## WHAT YOU WILL DO
Everything from the line holding "M&S Collection Luxury" to the last line of the material below must be retyped exactly, minus any pictures.

*** Opening DATA SECTION ***

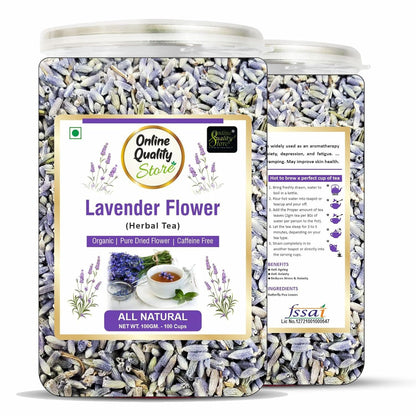 Online Quality Store Lavender Flower Tea -100g | Sun Dried Lavender Flowers Herbal Tea | Stress Relief| Iced Tea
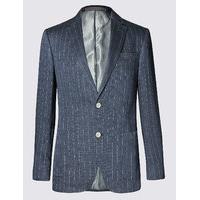 M&S Collection Luxury Navy Pure Linen Striped Tailored Fit Jacket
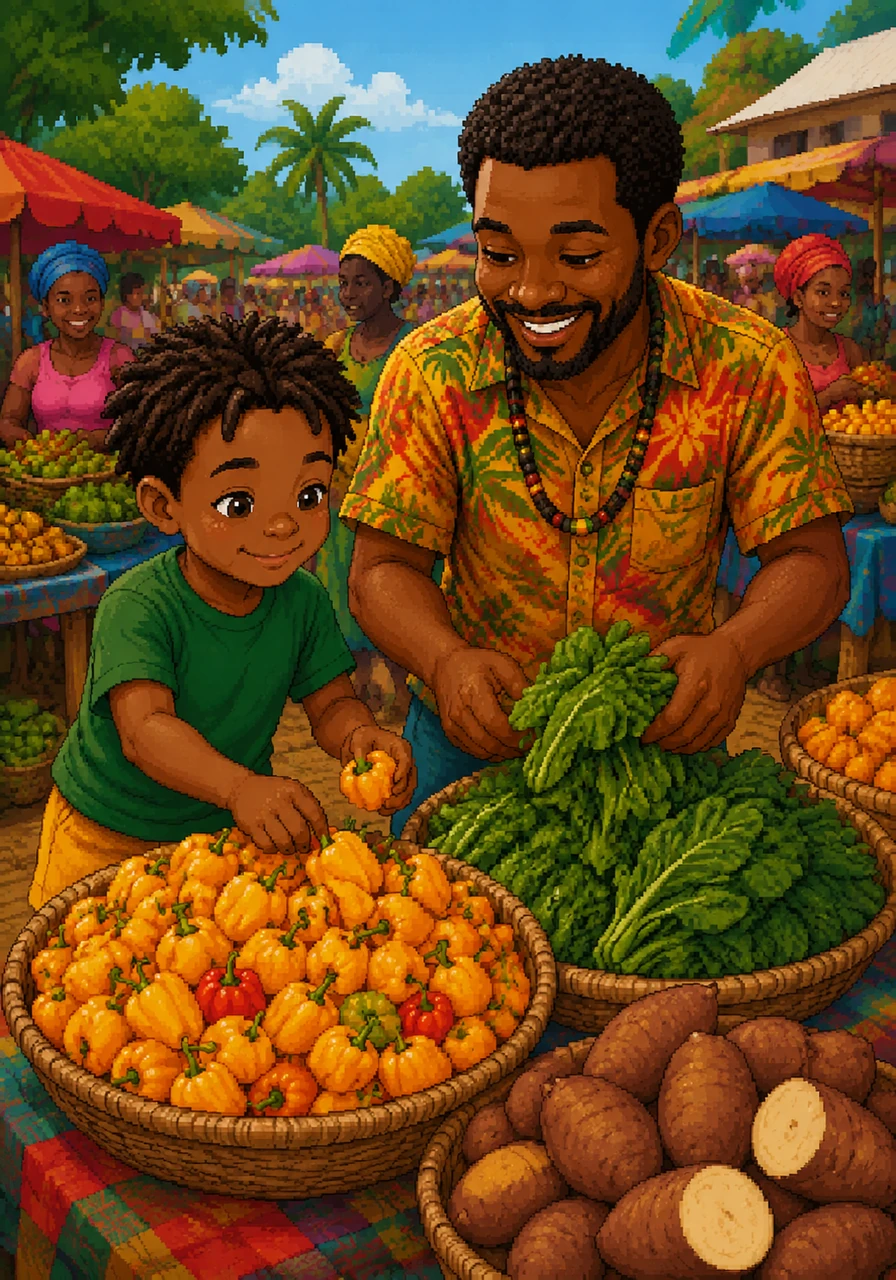 Down at the lively street market, Kofi helps his uncle sort through mounds of bright yellow scotch bonnet peppers, green callaloo, and sweet yams. The market is alive with the chatter of vendors and the bright colors of fresh produce.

*** Closing DATA SECTION ***

## SOLUTION FOR THIS EXERCISE
 M&S Collection Luxury Navy Pure Linen Striped Tailored Fit Jacket
 Down at the lively street market, Kofi helps his uncle sort through mounds of bright yellow scotch bonnet peppers, green callaloo, and sweet yams. The market is alive with the chatter of vendors and the bright colors of fresh produce.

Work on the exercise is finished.